--- INFORMATION PROVIDED ---
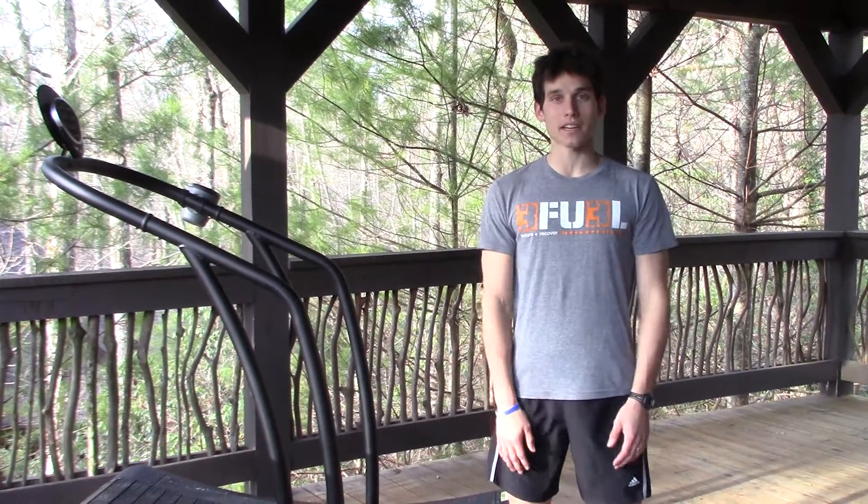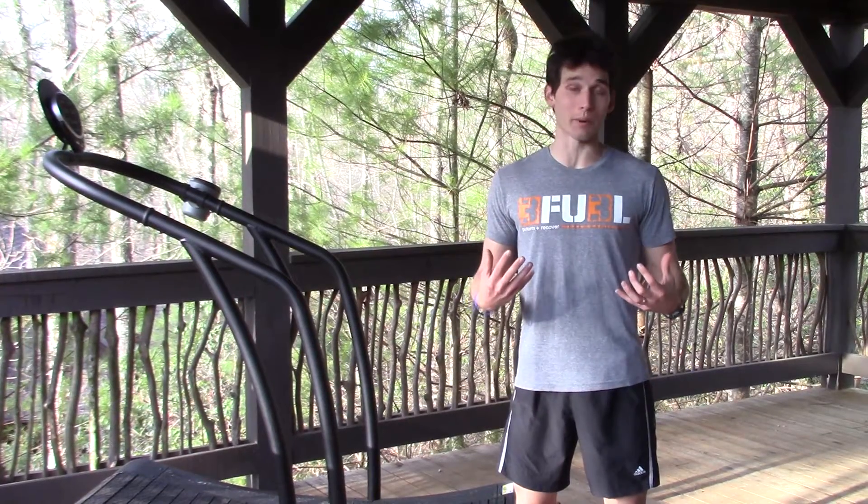Hey guys, Jeff Ford, Power Speed Endurance, SkyTierre Wellness coming at you for Treadmill Tips with the Woodway Curve. Today what I'm going to talk about first is really the benefits of the Woodway Curve, and then I'm going to demo how to use this awesome piece of equipment.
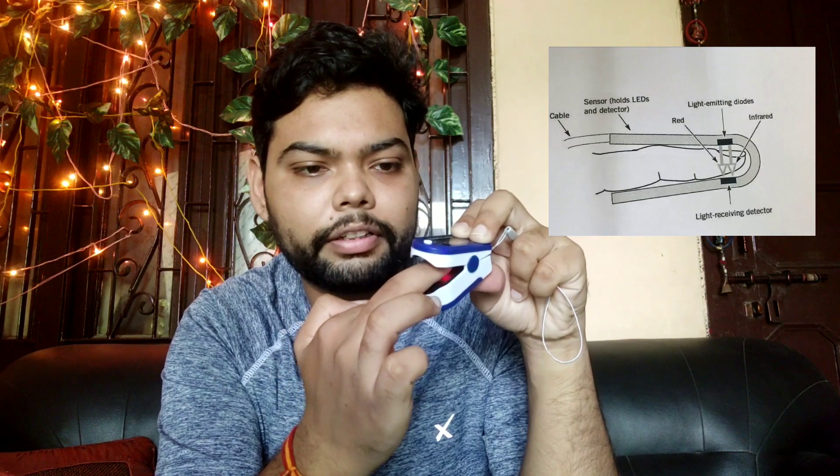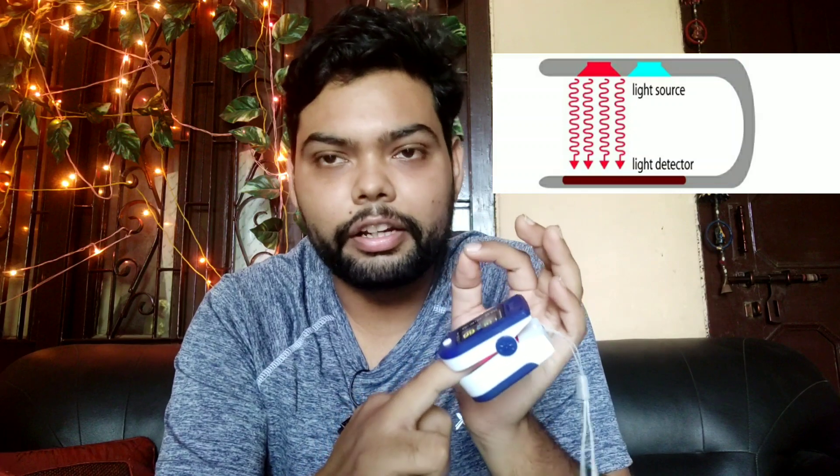When you insert your finger, a beam of light comes from one end and goes towards the other end, passing through the fingertip. There is a receiver on the other side which tracks this beam of light along with an infrared beam. And here is the display that shows the results.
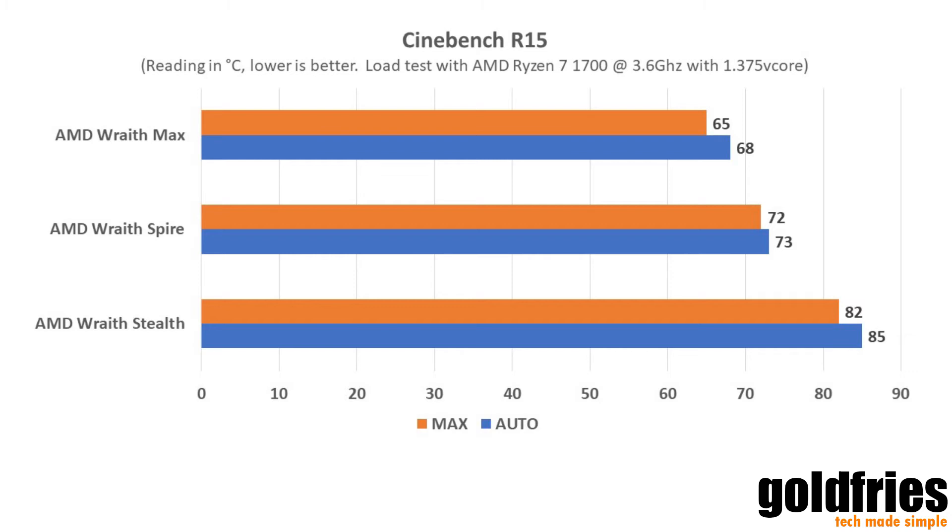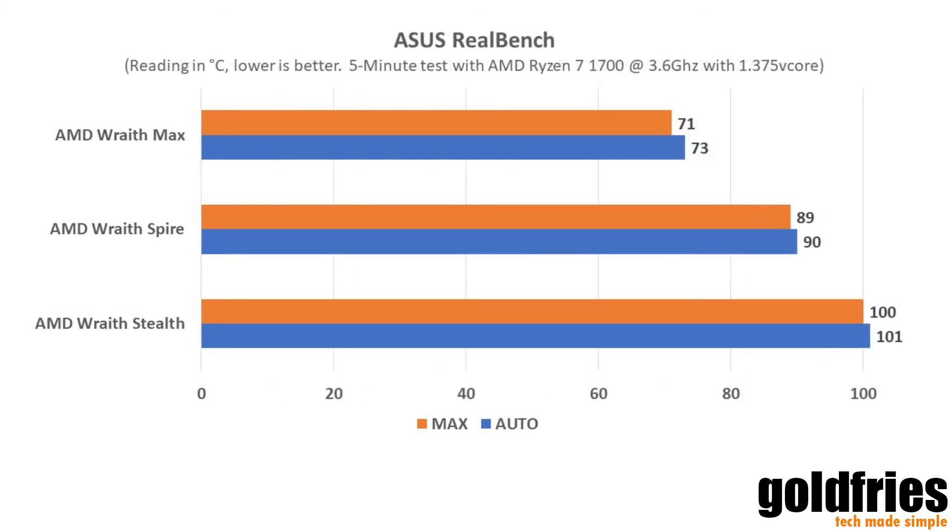On with the other benchmark, which is the ASUS RealBench, of which I ran the test for 5 minutes. As you can see from the results, it's not as good as it seems. Only the Wraith Max performs very well, while the Spire and Stealth are performing at unacceptable levels. That doesn't mean these heatsinks are not good — it's just that this processor has many cores, it's overclocked and running at high voltage. So for general-purpose Ryzen 3, 5 or 7 with some overclock and minimal voltage boost, it will work just fine.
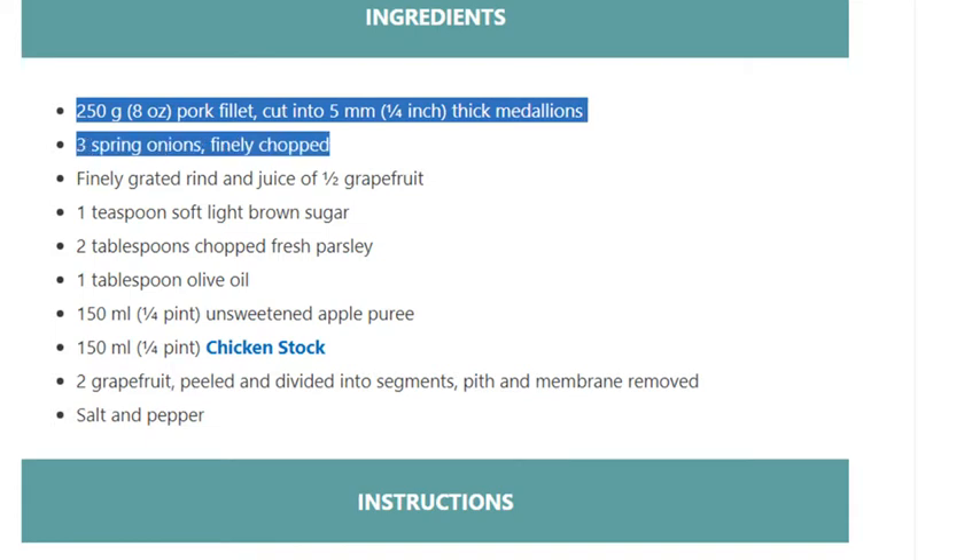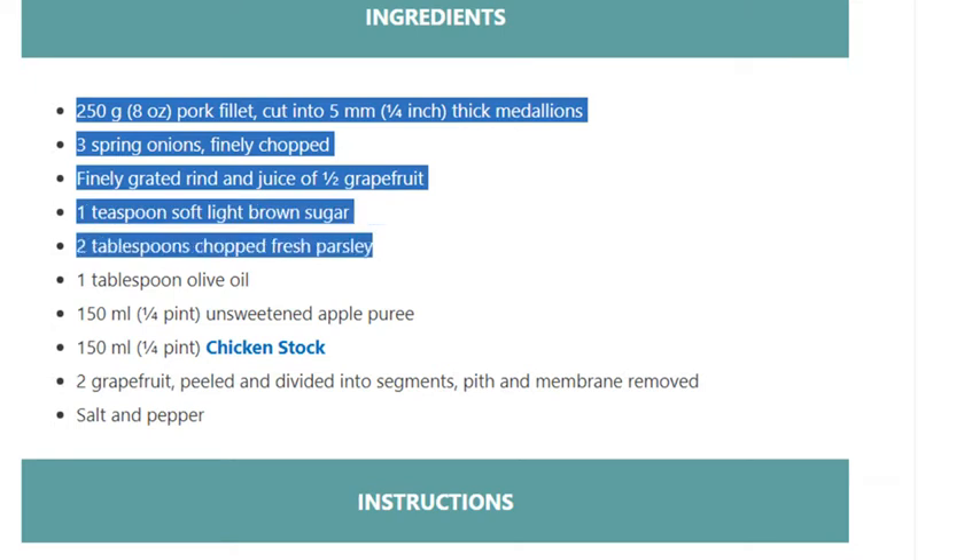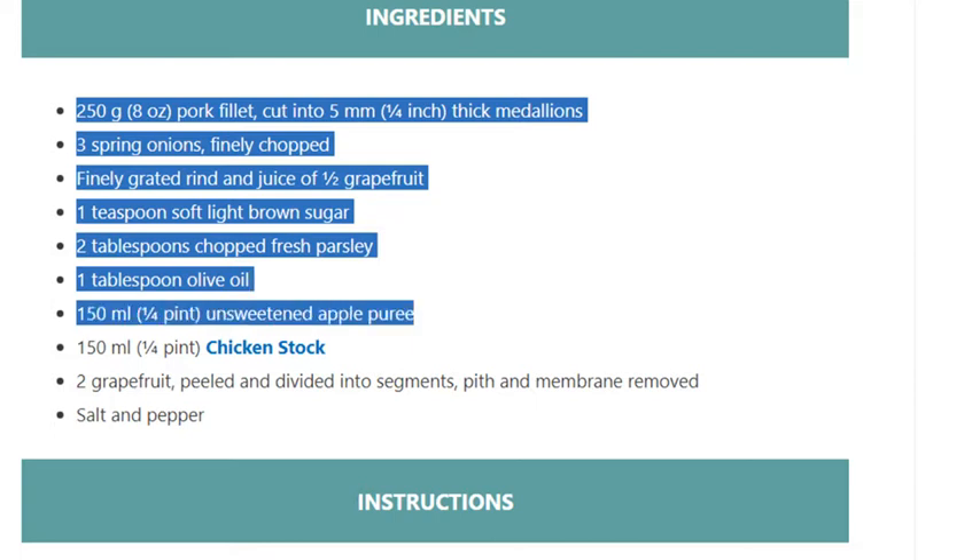3 spring onions finely chopped, finely grated rind and juice of half a grapefruit, 1 teaspoon soft light brown sugar, 2 tablespoons chopped fresh parsley, 1 tablespoon olive oil, 150 ml (1/4 pint) unsweetened apple puree, 150 ml (1/4 pint) chicken stock, 2 grapefruit peeled and divided into segments with pith and membrane removed, salt and pepper.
---
#### EXERCISE BRIEF
Only the pictures are dropped. Otherwise, write out the listing exactly.

#### EXERCISE OUTPUT
Hey guys, Jeff Ford, Power Speed Endurance, SkyTierre Wellness coming at you for Treadmill Tips with the Woodway Curve. Today what I'm going to talk about first is really the benefits of the Woodway Curve, and then I'm going to demo how to use this awesome piece of equipment.
When you insert your finger, a beam of light comes from one end and goes towards the other end, passing through the fingertip. There is a receiver on the other side which tracks this beam of light along with an infrared beam. And here is the display that shows the results.
On with the other benchmark, which is the ASUS RealBench, of which I ran the test for 5 minutes. As you can see from the results, it's not as good as it seems. Only the Wraith Max performs very well, while the Spire and Stealth are performing at unacceptable levels. That doesn't mean these heatsinks are not good — it's just that this processor has many cores, it's overclocked and running at high voltage. So for general-purpose Ryzen 3, 5 or 7 with some overclock and minimal voltage boost, it will work just fine.
3 spring onions finely chopped, finely grated rind and juice of half a grapefruit, 1 teaspoon soft light brown sugar, 2 tablespoons chopped fresh parsley, 1 tablespoon olive oil, 150 ml (1/4 pint) unsweetened apple puree, 150 ml (1/4 pint) chicken stock, 2 grapefruit peeled and divided into segments with pith and membrane removed, salt and pepper.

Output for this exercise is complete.